Melalui The Shadow Strays, Timo Tjahjanto telah menyusun surat cinta membara untuk sinema aksi Hong Kong (terutama karya-karya John Woo), dengan beberapa jejak berdarah dari "Negeri Sakura" ala Takashi Miike turut terpatri di situ. Banyak sineas telah melayangkan surat cinta serupa, namun jarang yang melakukannya setegas dan sebebas Timo.
Di dunia baru ciptaan Timo ini, eksis suatu organisasi rahasia bernama "The Shadow", berisi para pembunuh bayaran mematikan. Gadis berusia 17 tahun dengan kode nama 13 (Aurora Ribero) termasuk salah satunya.

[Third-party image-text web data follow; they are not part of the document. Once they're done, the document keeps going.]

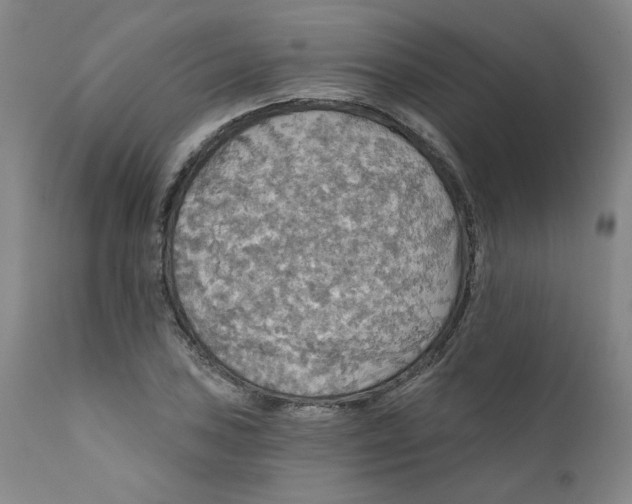 X0000112431027200909041431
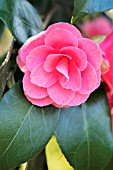 CAMELLIA JAPONICA JUNE MCCASKILL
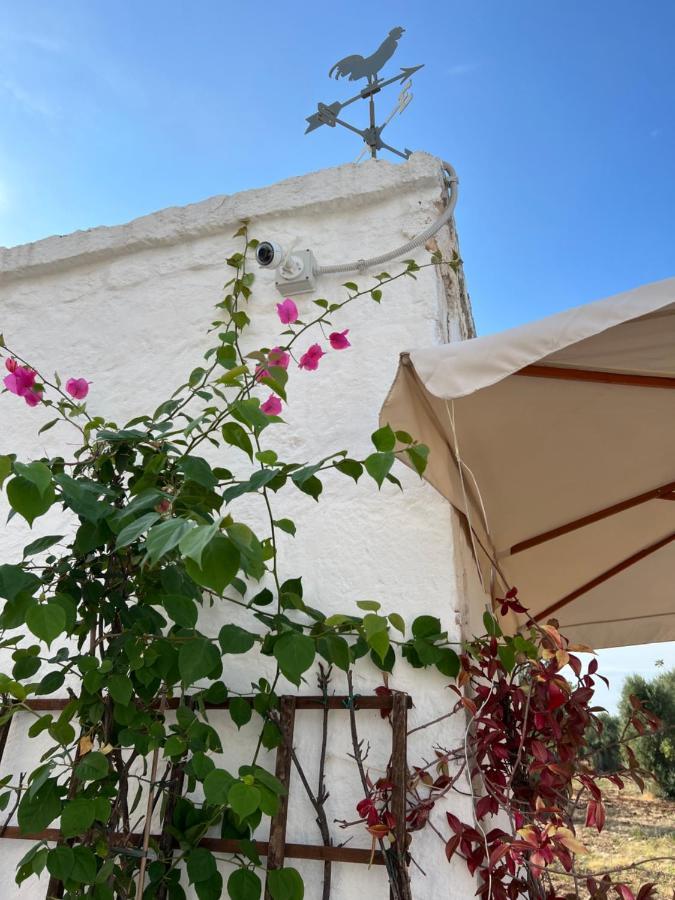 مبيت وإفطار مونوبولي La Guendalina Masseria E Casa Particular المظهر الخارجي الصورة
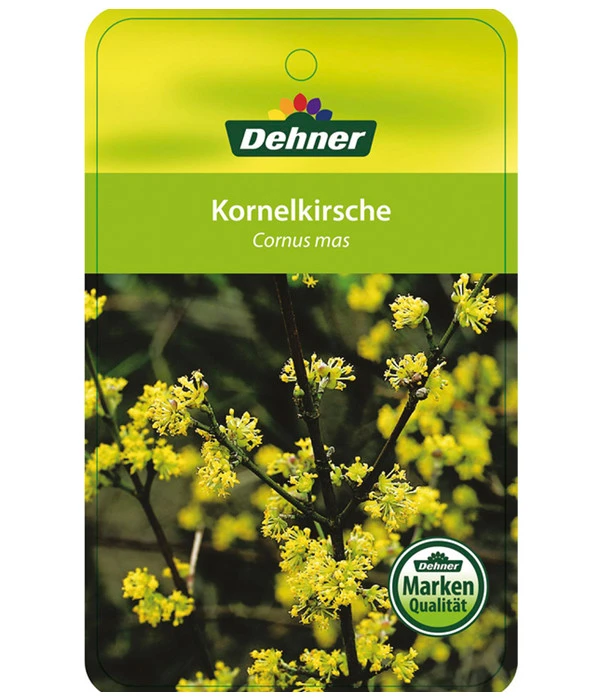 Kornelkirsche - Cornus Mas 7 Kornelkirsche - Cornus Mas – Bild 5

Baru-baru ini, akibat kesalahannya, 13 nyaris mengacaukan sebuah misi di Jepang, hingga harus mendapatkan bantuan dari sang mentor, Umbra (Hana Malasan).
Blunder apa yang 13 lakukan? Dia menunjukkan belas kasihan kepada orang tak bersalah. Sederhananya, tidak seperti para pembunuh lain, ia masih memiliki hati. Selepas misi, Umbra pun menceramahi anak asuhnya panjang lebar, dalam rangkaian kalimat yang terdengar kaku nan janggal, bak terjemahan kasar dari Bahasa Inggris. Satu kekurangan yang acap kali muncul ketika Timo menulis naskahnya sendiri.
Setelahnya, 13 yang diminta rehat sejenak bertemu dengan bocah bernama Monji (Ali Fikry), yang baru kehilangan sang ibu akibat kekejaman gembong kriminal penguasa kota. Tidak lama berselang Monji mendadak hilang, dan 13 pun tidak ragu mengobrak-abrik seisi dunia bawah tanah "hanya" demi seorang bocah yang baru dikenalnya selama beberapa hari.
The Shadow Strays mungkin belum sebrutal atau se-inventif The Night Comes for Us (2018), tapi ia tetaplah gelaran aksi di atas rata-rata, bukan cuma dalam konteks sinema Indonesia, pula dunia. Melanjutkan kolaborasinya dengan Batara Goempar selaku penata sinematografi, Timo nampak sudah paham betul akan ilmu perihal tata kamera seperti apa yang dapat memaksimalkan dampak sebuah baku hantam.
Aurora merupakan sentral dari segala darah yang Timo tumpahkan. "Mati-matian" mungkin kata yang paling pas menggambarkan performa sang aktris muda. Aurora menyalurkan luapan amarah 13 ke arah gerakan-gerakan mematikan nan meledak-ledak, yang membuktikan bahwa dalam seni peran, olah rasa dan olah raga sejatinya saling berkaitan.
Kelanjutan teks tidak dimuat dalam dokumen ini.